My delivery place is the UK, but I bought it in Spain so thats why I waent to .com.
I know of people who have been on .uk and then been changed by Amazon when they realised that downloads were always made abroad.

I researched this quite a lot, and theres even a kindle forum where its been discussed


----------



## Stravinsky (Aug 12, 2007)

lynn said:


> This is a very interesting thread. I've just ordered a kindle for my daughter for Christmas. I didn't want to pay for one from the states, as it is more expensive, and anyway, they said they couldn't deliver by Christmas, so I ordered it on the UK site and had it delivered to a relative in the UK who will bring it over with him when he visits...
> 
> I would hate it if she couldn't download any material?? Do you think we'll be OK??



Yes, as I said I have researched this at length.
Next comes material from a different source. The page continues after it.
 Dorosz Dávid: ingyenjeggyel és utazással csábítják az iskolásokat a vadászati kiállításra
Your kindle is already registered by amazon and if you log onto your account you will find "my kindle" which shows you where you are registered to.
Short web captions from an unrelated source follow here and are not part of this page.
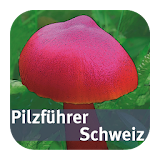 Pilzführer Schweiz icon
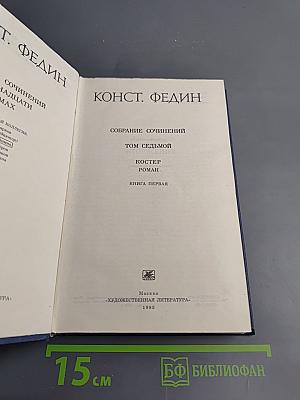 Костер. Книга первая. Вторжение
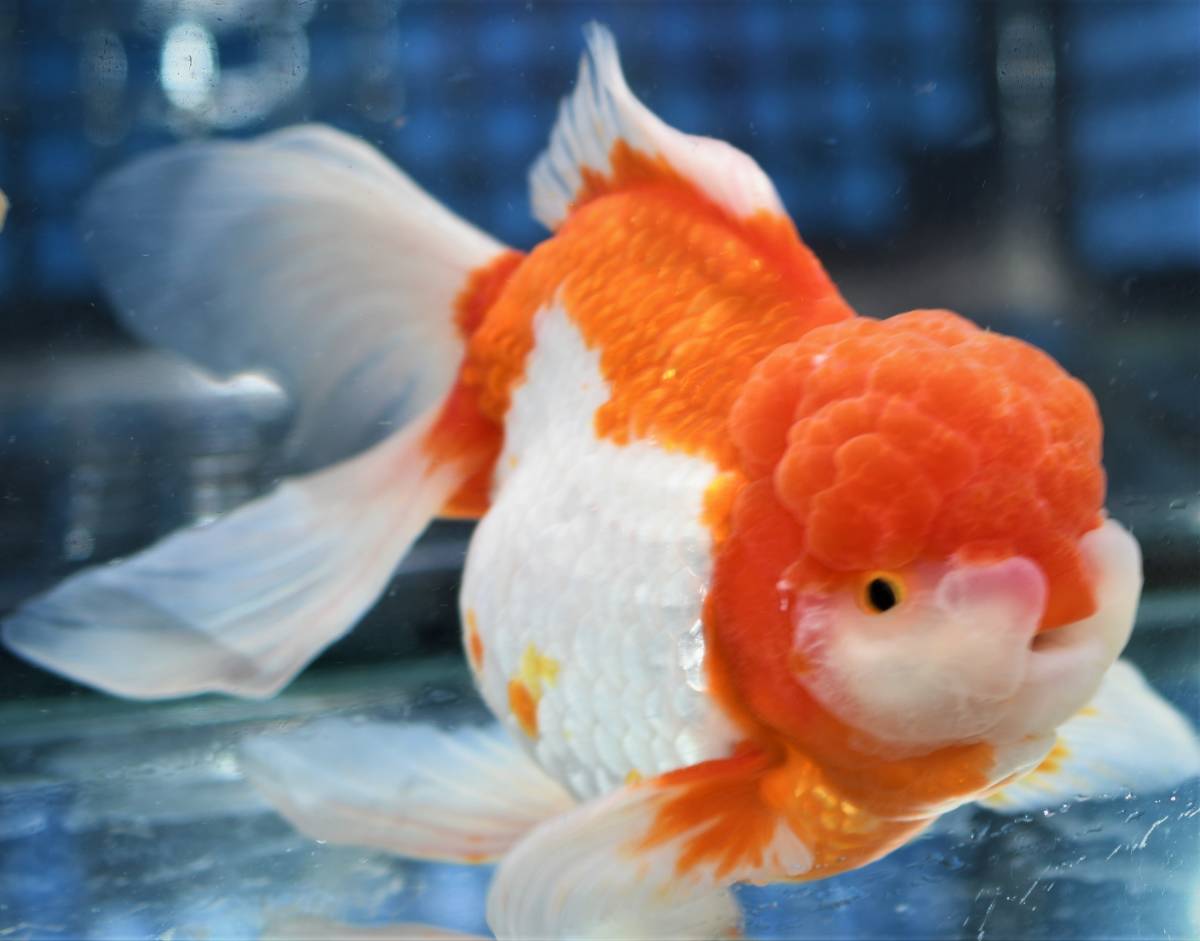 K8【銀】☆中部産更紗オランダ獅子頭・3歳・18，0cm・雌 《沖縄及び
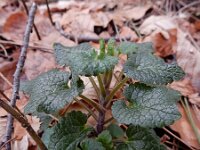 Scutellaria columnae 9, Trosglidkruid, Saxifraga-Ed Stikvoort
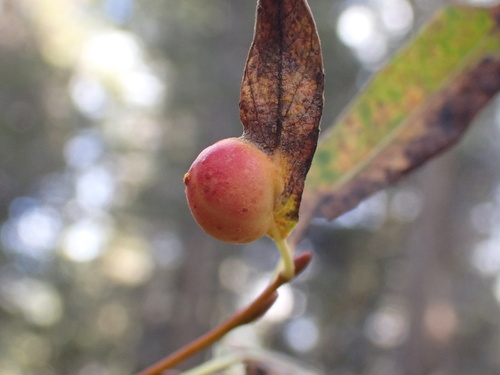 iNaturalist observation photo of Willow Apple Gall Sawfly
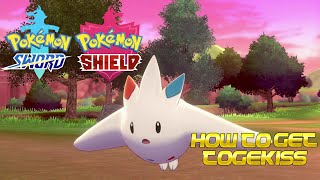 Pokémon Sword and Shield  How to get Togekiss in the wild [upl. by Nat]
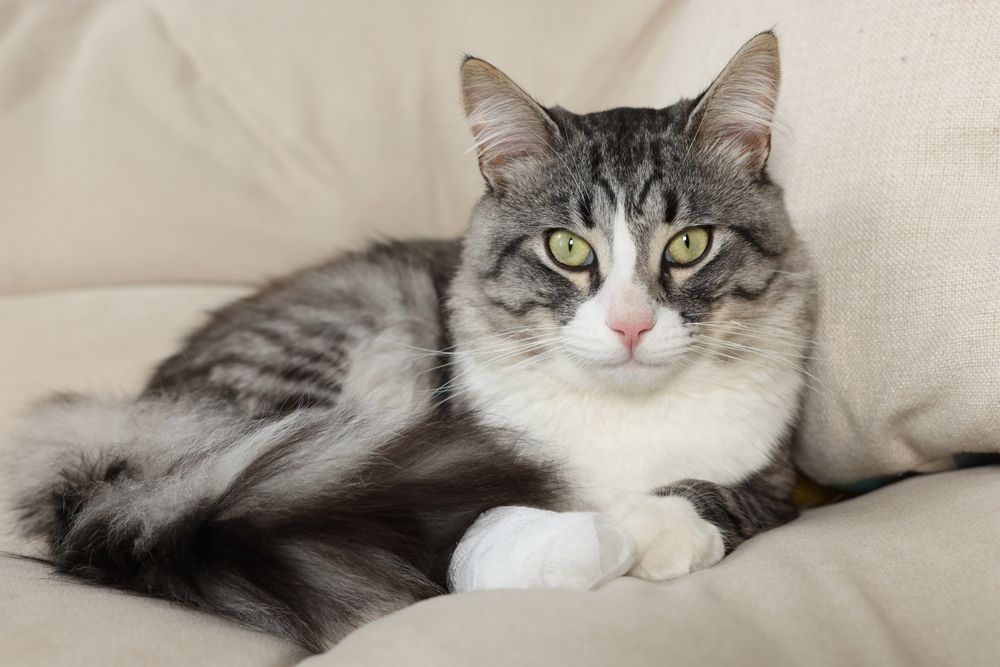 Chat blessé avec une patte blessée, montrant sa vulnérabilité. L'image montre un chat souffrant, mettant en évidence une blessure potentielle à l'une de ses pattes.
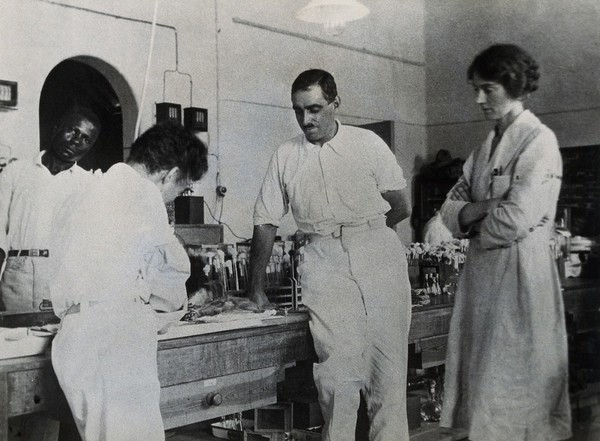 Medical Research Institute, Accra: medical researchers working on yellow fever. Photograph, 1928.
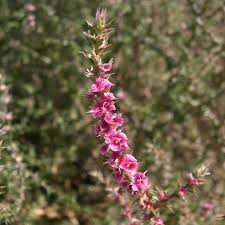 Image result for Salsola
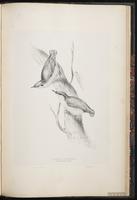 Eurasian Nuthatch plate 85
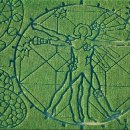 장식농장 이미지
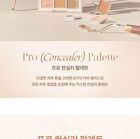 dasique Pro Concealer Palette - 2 Types - #02 Medium Cover
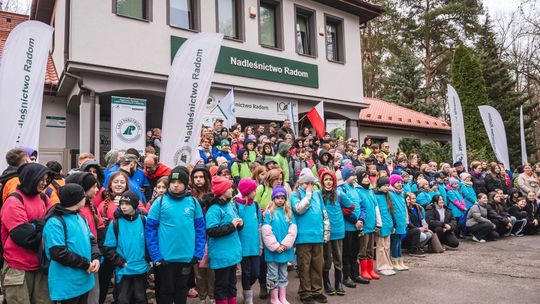 Posadzili las po raz 11.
I'm guessing we will download a load of stuff in the UK over Christmas ... my only worry from what Ive read is that Amazon may swap us to dot come (as has happened recently to people) as soon as they realise we are constantly downloading from abroad. She will still be able to download, its just a lot of stuff off amazon states that it is not available to non UK residents, and some stuff on the US site is slightly more expensive


Edit: I bought on the UK site and still got registered to dot com ... you need to change it if this has happened to you


----------



## IanMoore (Feb 23, 2011)

*e-reader books in Spain*



Trish1 said:


> I bought a Sony e-reader about a year ago and downloaded books from Waterstones. Recently Waterstones have told me that they will no longer send e-books to an address outside the UK I challenged this but no joy.
> WH Smith will send outside UK if you pay with a CC registered to an address in UK Has anyone else had a problem with this reader?
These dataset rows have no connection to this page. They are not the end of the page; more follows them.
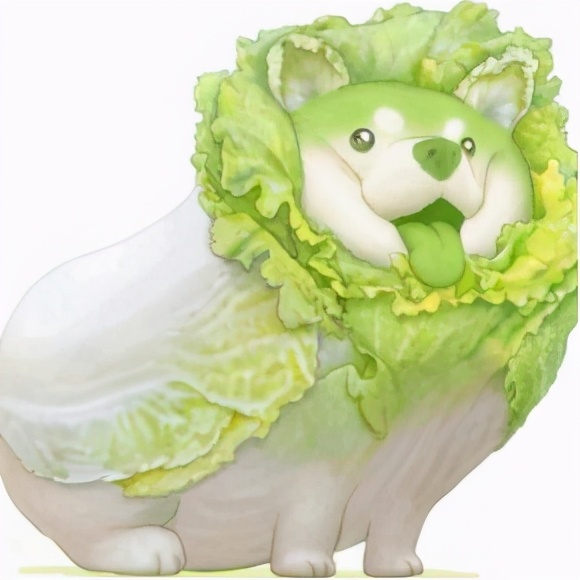 别骗自己了你真的会被骗吗,别骗自己了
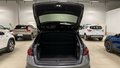 Daumennagel 4 - Skoda Fabia 1.0 TSI DSG Monte Carlo
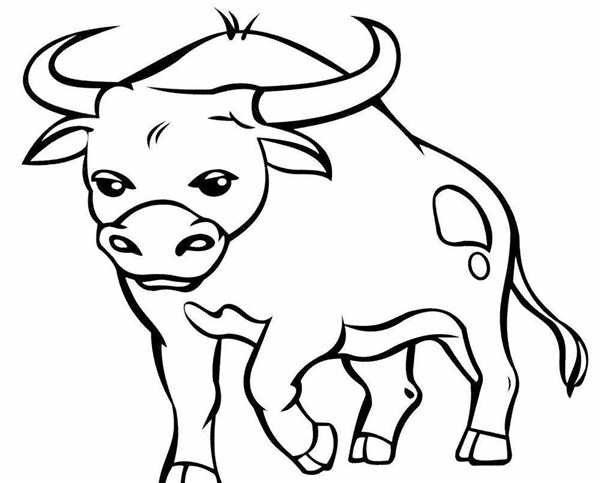 Buffalo раскраска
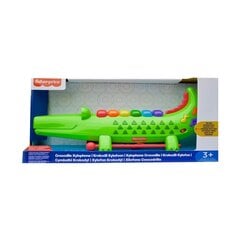 Музыкальная игрушка Fisher Price  цена и информация | Drewniana Wieża Piramida Kura Nakładanie Kolorowych Kwadratów LD-15 15276 | kaup24.ee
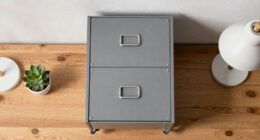13 Best Rolling File Cabinet for Home Tax Office in 2026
Hi, My brother in law recently had this problem and we did some research only to find out that WH Smiths and Waterstones do not sell English E-Books if they detect a Spanish IP address! So what we do now is I buy the e-books for him in the UK from my address here (not moved to Spain just yet, still a holiday home) and I e-mail the e-book to him. Of course you have to take off the DRM encryption first for this to work, I see this as no different to me Buying any book (traditional) here and then giving it to my brother in law after I have read it! It would make an interesting legal case I think, but I don't see how they could argue that I am doing anything different to what can be done with paper!

Regards
Terry


----------



## ivorra (Sep 24, 2008)

Thank you for the info. In the six months since I have owned my Kindle it has become indispensable to me. At last I can read books again without wearing my reading glasses (just need to set the font size large enough) and it is so convenient to carry when on the move. So far I have had no trouble accessing titles on Amazon.co.uk and now I know not to tamper with the delivery address on my account!


----------



## Bevdeforges (Nov 16, 2007)

IanMoore said:


> Hi, My brother in law recently had this problem and we did some research only to find out that WH Smiths and Waterstones do not sell English E-Books if they detect a Spanish IP address! So what we do now is I buy the e-books for him in the UK from my address here (not moved to Spain just yet, still a holiday home) and I e-mail the e-book to him. Of course you have to take off the DRM encryption first for this to work, I see this as no different to me Buying any book (traditional) here and then giving it to my brother in law after I have read it! It would make an interesting legal case I think, but I don't see how they could argue that I am doing anything different to what can be done with paper!
> 
> Regards
> Terry


The Sony reader is a different issue than the Kindle. AFAIK, removing DRM may well be illegal in the UK, but so far the publishers have shown little interest in pursuing this. (Doesn't mean they won't do so one of these days.)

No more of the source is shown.